Da Local a Venezia la cucina dello chef Salvatore Sodano si fa racconto, accompagnando gesti e sapori inattesi.
Venezia ha un modo tutto suo di scandire il tempo e, a chiunque la visiti, ricorda che le cose più preziose avvengono con lentezza. Da Local, invece, ogni cena diventa un gioco condiviso e leggero, grazie al quale le lancette dell’orologio scorrono veloci. Diverso da ogni altro ristorante della città, il locale è nato dieci anni fa per assecondare l’autentica vocazione per l’ospitalità di Benedetta Fullin e Manuel Trevisan, e la loro rara capacità di far sentire ogni ospite parte di un gioco condiviso, basato su “un’idea diversa di ristorazione, fondata su autenticità, ricerca e rispetto”, come raccontano. In un panorama in cui le sale dei fine dining sembrano tutte uguali, e in cui l’unico guizzo è spesso una ceramica più eccentrica del solito, da Local, una stella Michelin, la sorpresa arriva insieme al piatto.
Il gioco della sala di Local tra carrelli, rituali e sorprese

La brigata sa divertirsi e far divertire, servendo uno sgroppino direttamente dal cucchiaio imboccando l’ospite, oppure festeggiando i compleanni con un mazzo di fiori che in realtà sono palloncini colorati.
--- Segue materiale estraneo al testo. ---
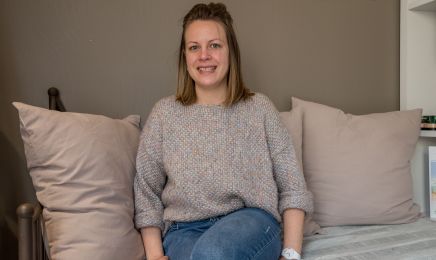 La maison du bien être (Effyligne)  : Coiffeur à Craon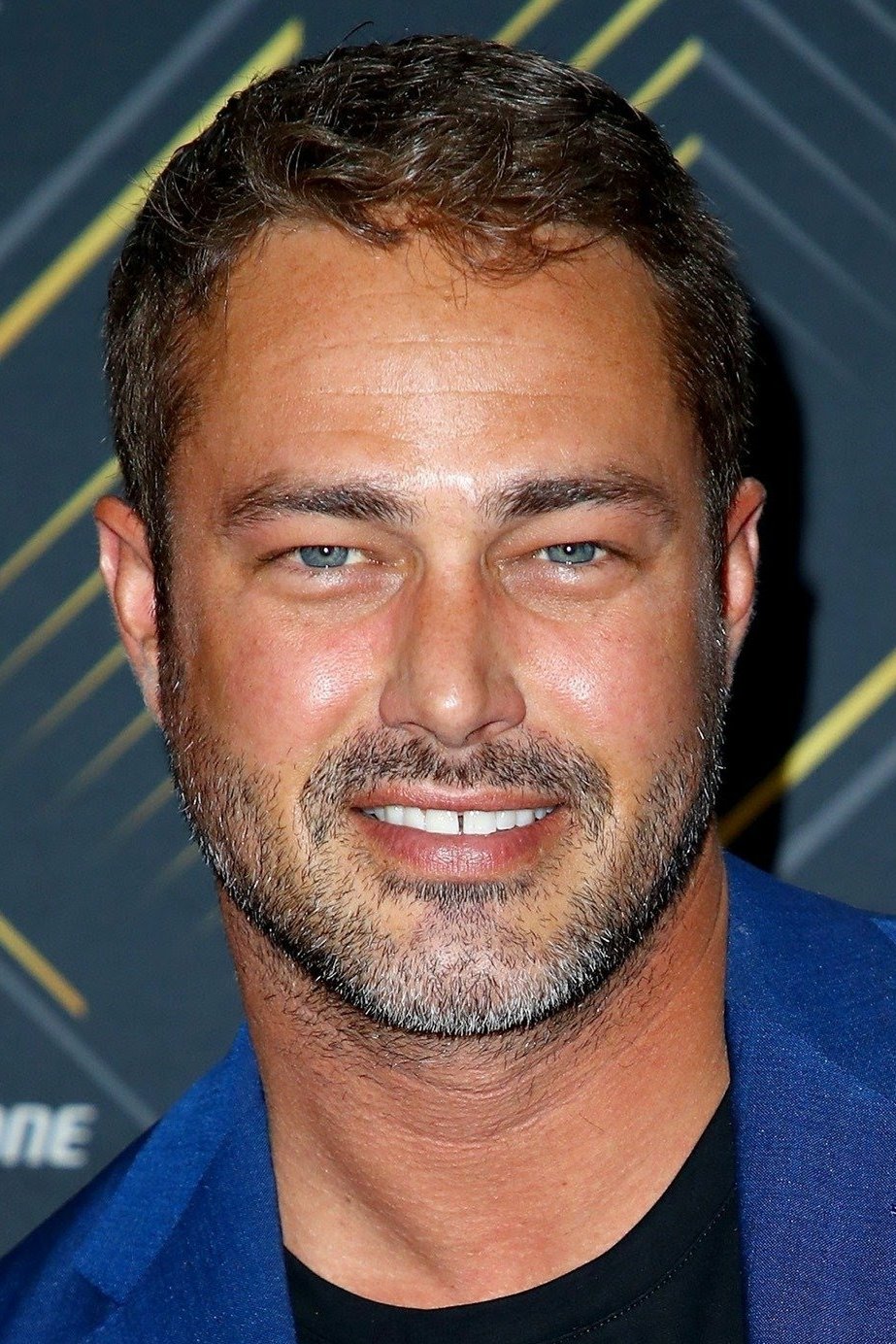 Taylor Kinney - Profile Images — The Movie Database (TMDB) - How Tall Is Taylen Kinney: TikTok Sensation’s Youthful Stats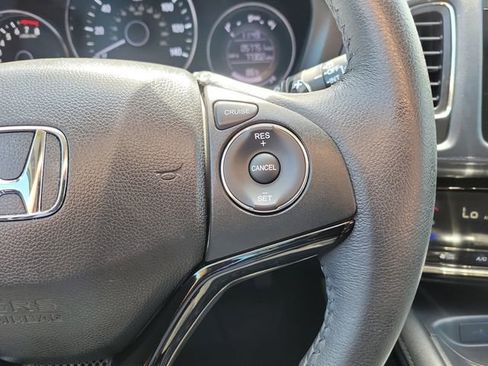 Used 2016 Honda HR-V EX-L image 28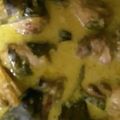 Cooksnap dari nancy sylviana untuk resep Opor Ayam Enak Gampang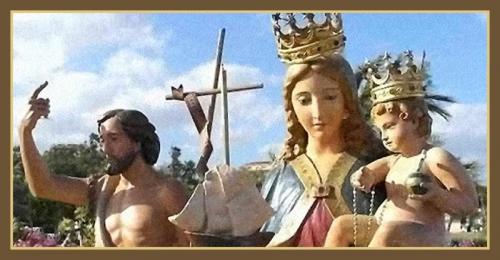 Festa Di San Giovanni - Olbia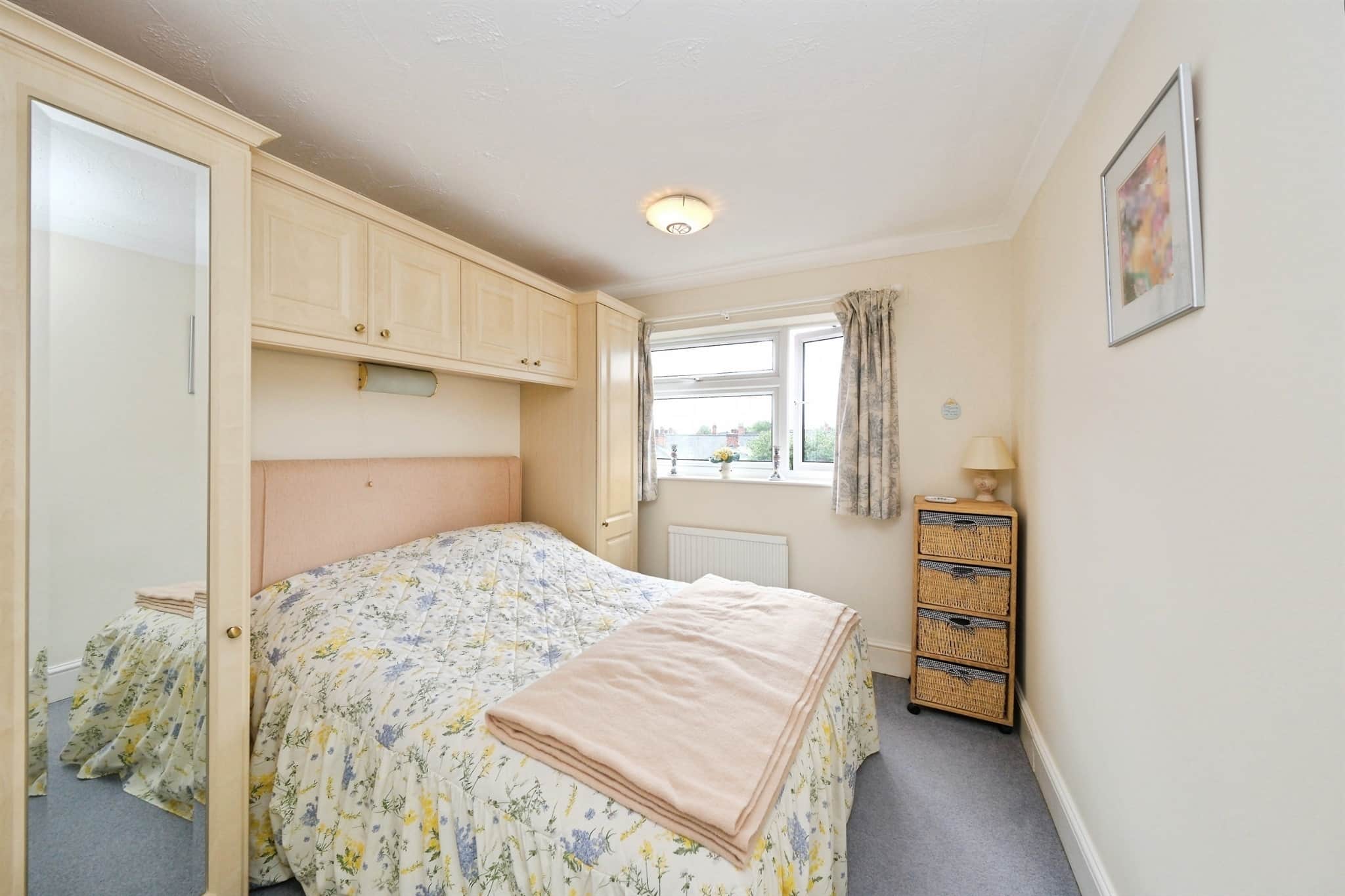 Property at Lampad Close, Melbourne, Derby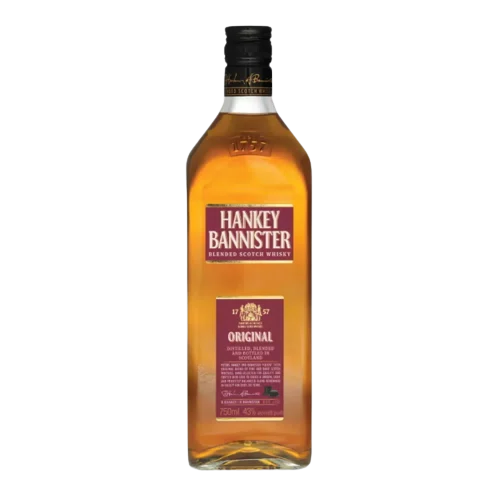 Hankey Bannister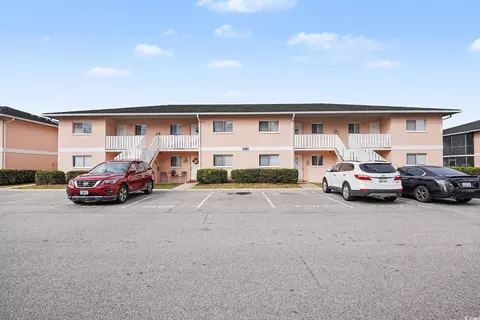 1101 2nd Ave N #2406, Surfside Beach, SC 29575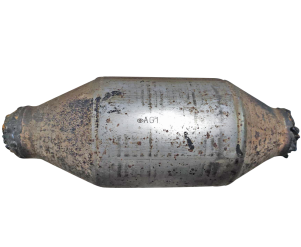 Toyota-AG1Catalytic Converters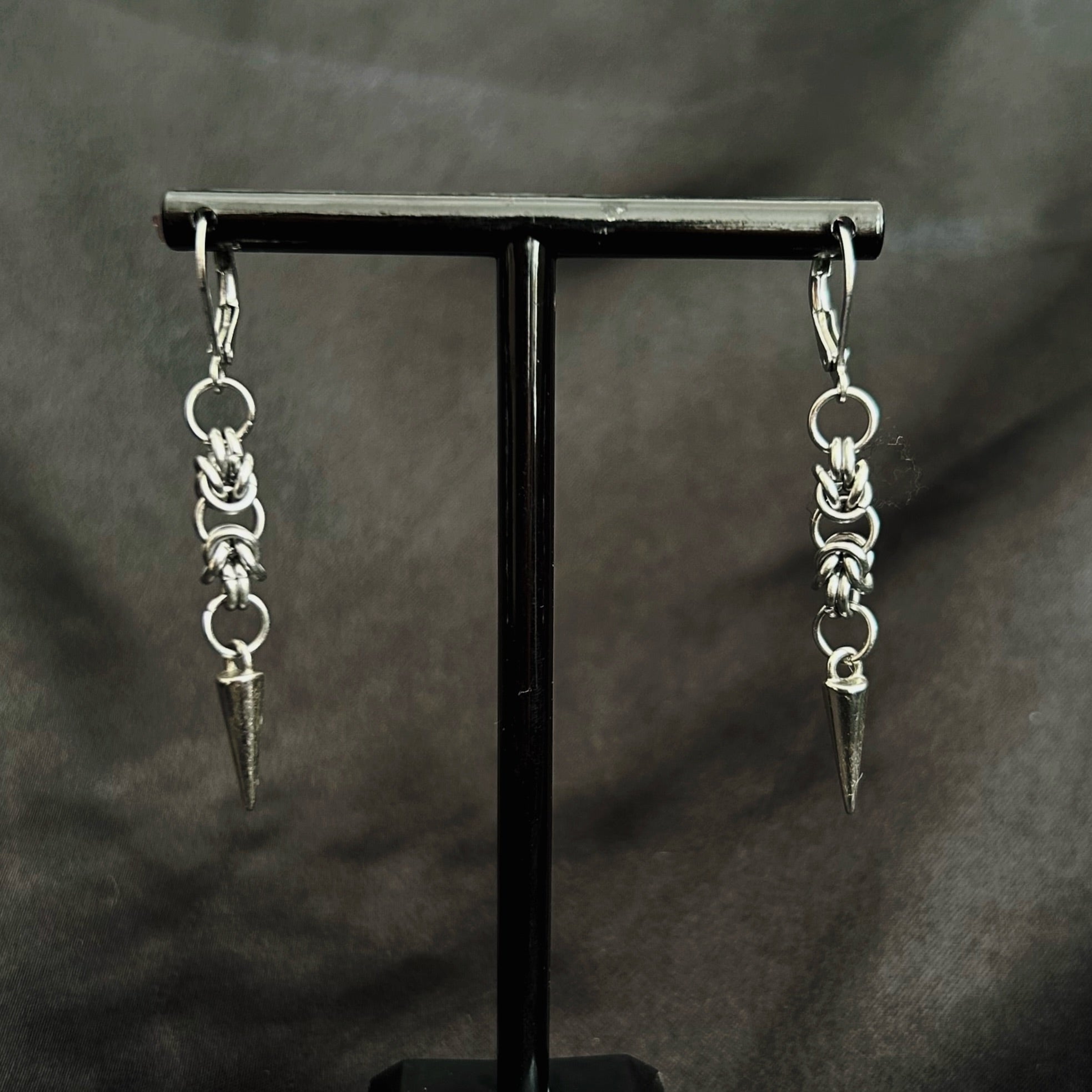 Thorn Relics Earrings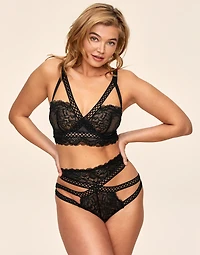 Verana High Waisted Panty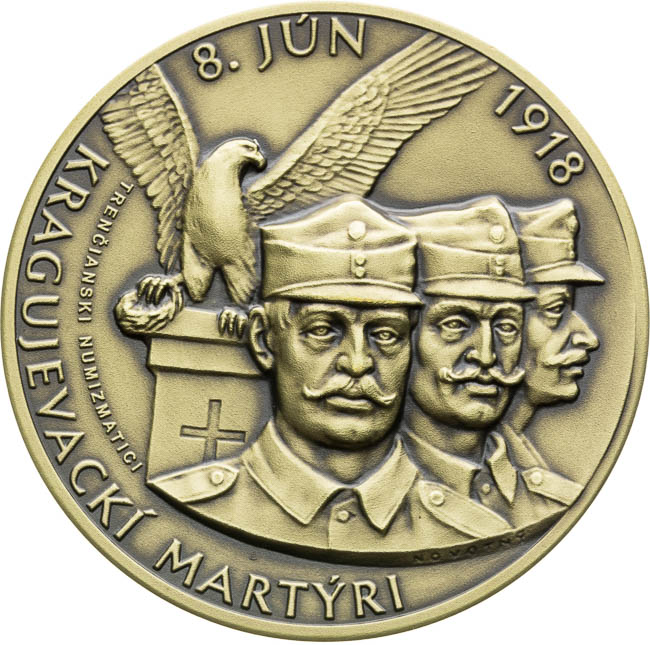 Coin-front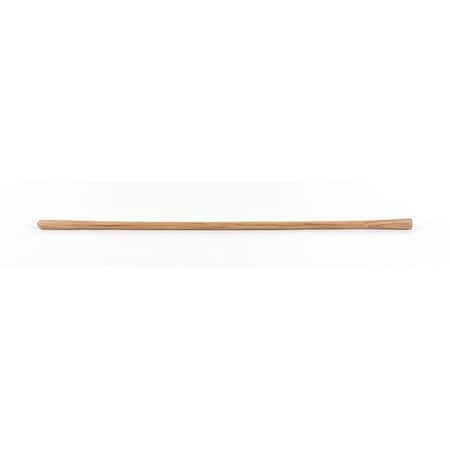 Council Tool Fire Rake Handle, Wood, 60 In, For LW12-60 70-60FR-B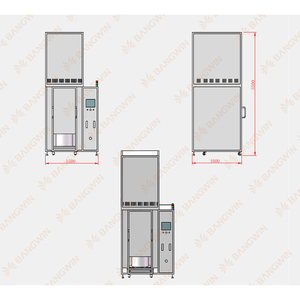 Vapor Chamber Manufacturing Line with Sealing System - Product Image 2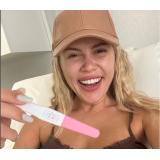 Emily Burghelea, &icirc;nsărcinată pentru a doua oară: &bdquo;Am trecut de la agonie la extaz!&rdquo;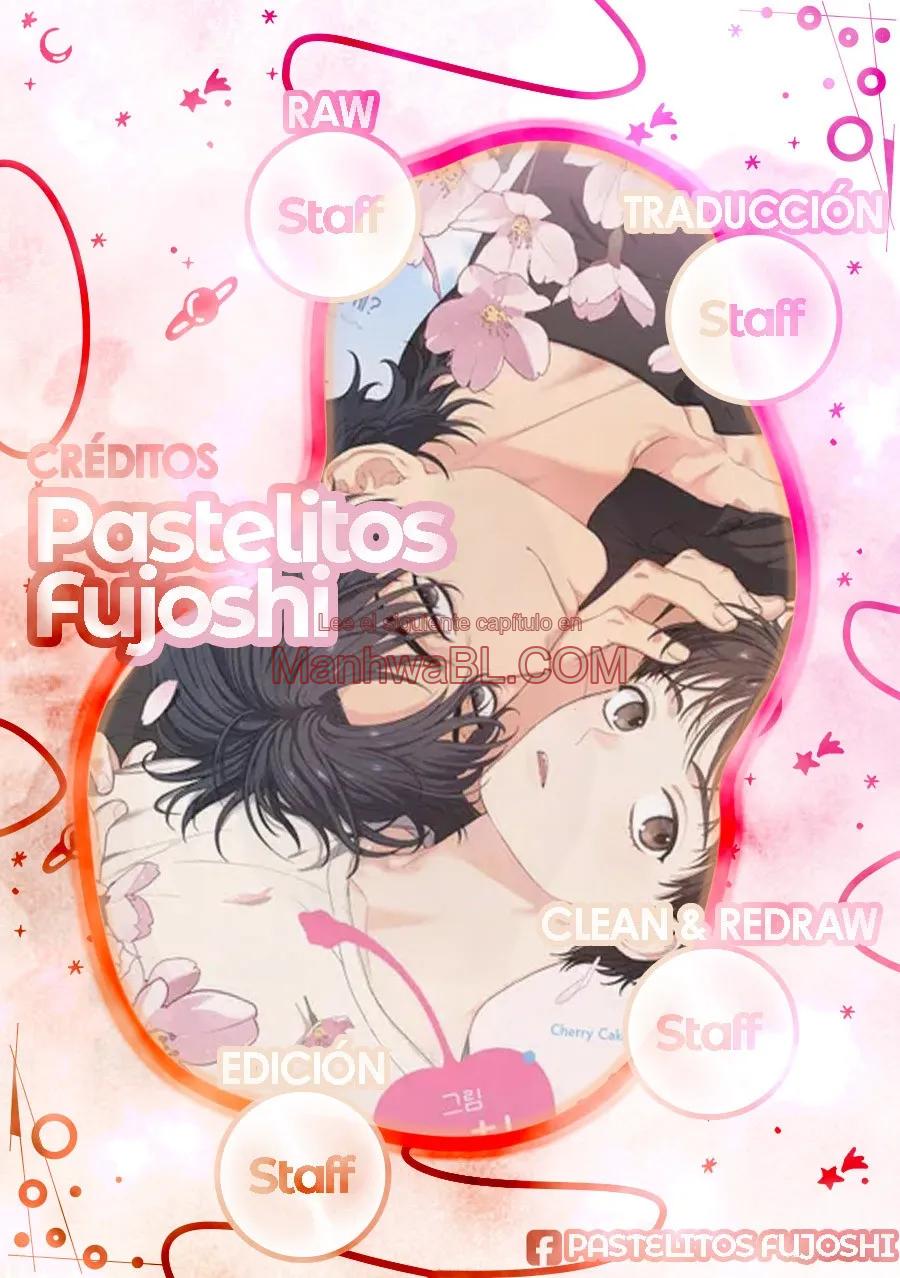 Cherry Cake - Capítulo 36 manhwa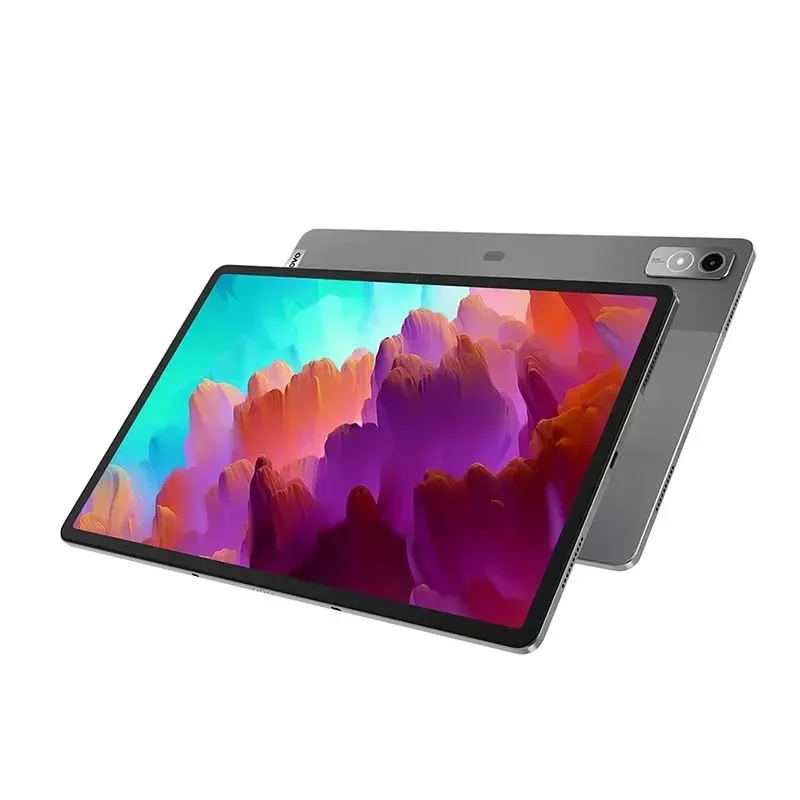 Lenovo-Tableta Xiaoxin Pad Pro 12,7, 2023, Snapdragon 870, pantalla LCD, 144Hz, 8GB, 128GB/256GB, 10200mAh, Android 13, ROM Original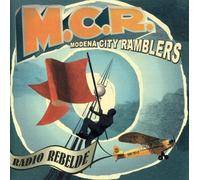 Modena City Ramblers - Radio Rebelde [Import]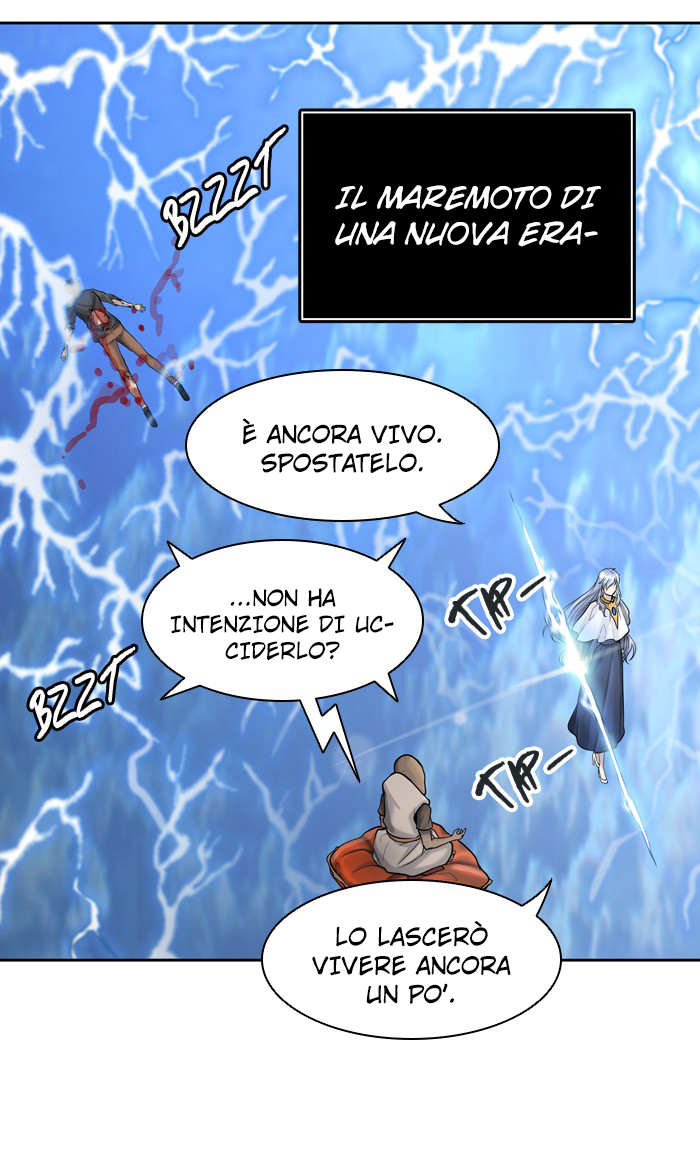 Read Tower of God IT Manga Online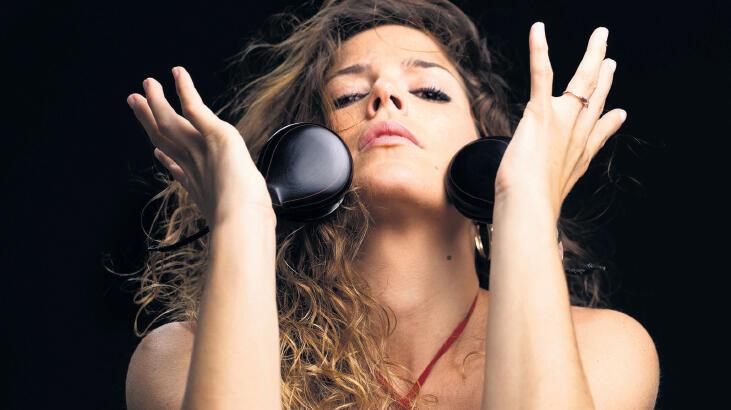Cristina Aguilera İstanbul'da flamenko rüzgarı estirecek...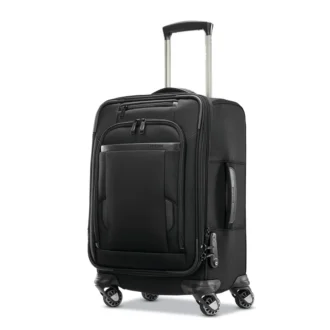Samsonite pro carry-on spinner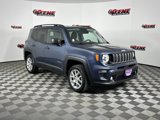 Used 2022 Jeep Renegade Latitude w/ Convenience Group image 2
E poi ci sono i carrelli, un piccolo teatro nel teatro: quello del gelato, con gusti che cambiano sempre, granelle e farciture da scegliere per riempire un cono. Quello dei formaggi, rito immancabile a fine percorso. Quello del caffè filtro, raccontato come un viaggio, e infine il carrello dei distillati di frutta firmati Capovilla, scrigno di edizioni limitate che si trovano solamente qui.
Il percorso degustazione firmato da Salvatore Sodano

Lo spazio elegante, caratterizzato da lampade sospese e luci soffuse, è la tela su cui lo chef Salvatore Sodano esprime la sua sensibilità campana, in un dialogo ininterrotto con la laguna. La matrice rimane veneta, ma affiorano le esperienze londinesi e statunitensi, soprattutto nell’uso di tecniche contemporanee e nel gusto che non cerca scorciatoie. Il percorso degustazione da sette o nove portare inizia in puro stile veneziano con “cicchetti” come i gyoza d’anatra con salsa verde e prosegue con i gamberi rossi accompagnati da barbabietola e caprino, abbinati a un tè Longjing, dalle note di nocciola e castagna. La memoria resta sul risone mantecato come un risotto con brodo di guanciale, acqua di pomodoro e crema di friggitelli: un piatto vegetale e avvolgente, che trova nel sencha giapponese il suo pairing ideale. Grande protagonista è la ricciola maturata 15 giorni, servita con un’insalata di cetriolo e bottarga affinata due anni in cera d’api e accompagnata da un Soave Duello Vulcano di Zambon.
L’esperienza da Local

Il servizio curato da Trevisan, affiancato dal tea sommelier Matteo Canu, bilancia spontaneità e precisione, con quell’ironia che fa la differenza. Da Local si esce con la sensazione rara di aver respirato una città intera in una sola cena, e con il desiderio concreto di tornare presto a far parte di quel gioco di gusti ed emozioni.